Baking Chez Moi – Odile’s Fresh Orange Cake

  
Happy International Women’s Day, everyone! Here’s to continuing the march toward equality for all women, across the world and at home.

Baking may not seem like a good fit on a day that’s dedicated to women’s equality, but all the activist and community groups I’ve been part of have fuelled change with agile minds and satisfied stomachs. Even cookbooks have been wielded as tools for change by feminists – suffragists used them to spread their message, filling them with recipes and resistance.

So in this spirit, I think it’s fitting that I’m writing about a cake that begs to be shared. Any group of people who were lucky enough to find this orange cake on their meeting room table might find the fortitude to change the world.

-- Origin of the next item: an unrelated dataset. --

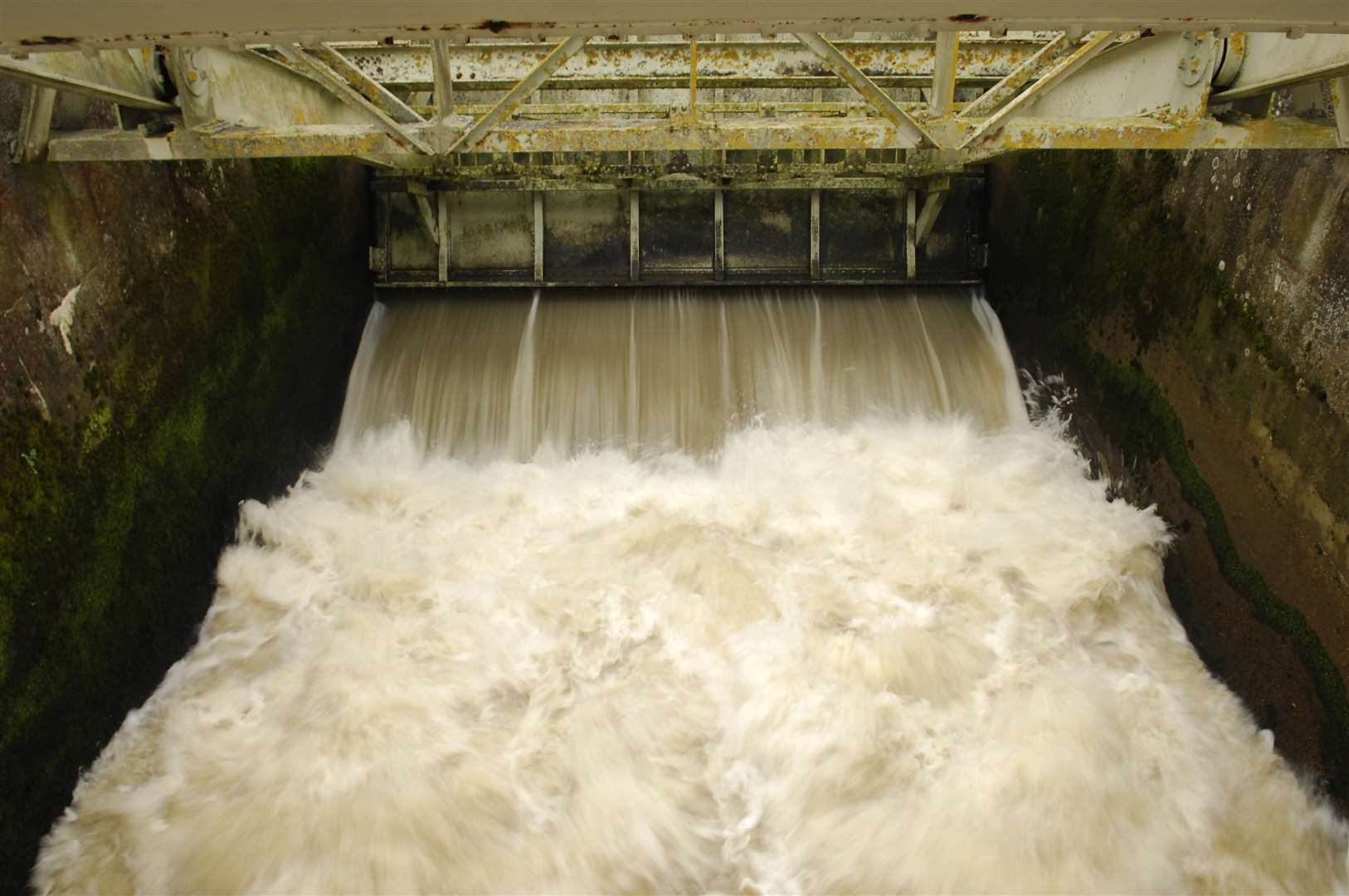 River water rushes through the weir at Yalding.Picture: Martin Apps FM2492938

I have a special fondness for orange cake – my grandmother used to make it and it was a favourite for everyone in the family. Unfortunately her recipe is lost to us, so I’ve tried any that I’ve encountered in an attempt to find one that measures up to my memory of hers.

That’s the problem, of course – what can measure up to a treasured memory? So, I just enjoy the orange cakes as they come along, noting down the ones that come close, along with those I appreciate just for themselves.

Odile’s Orange Cake falls into the second category. Though I think my grandmother would have appreciated the orange-y, buttery flavour very much, it’s a cake that’s different in kind than the one she used to make. Hers was moist, with a fine crumb, but also sturdier than this cake. That’s no surprise, since this one is soaked in the syrup used to poach the oranges that decorate it. It’s not just moist, it’s suffused with moisture in the best possible way.

  
There’s something else that’s different about this cake. I used goat butter to make it. It’s a delicious butter that has a different character than that made from cow’s milk. If you’re interested, Chowhound made a short video on the subject.

This recipe was well worth using my tiny stash of goat butter. And I think that if I bring it to my committee meeting tomorrow night, it might be the perfect way to celebrate solidarity amongst a group of women working to benefit our community.

You can find the rest of the Tuesdays with Dorie crew’s entries on this recipe here: Odile’s Fresh Orange Cake.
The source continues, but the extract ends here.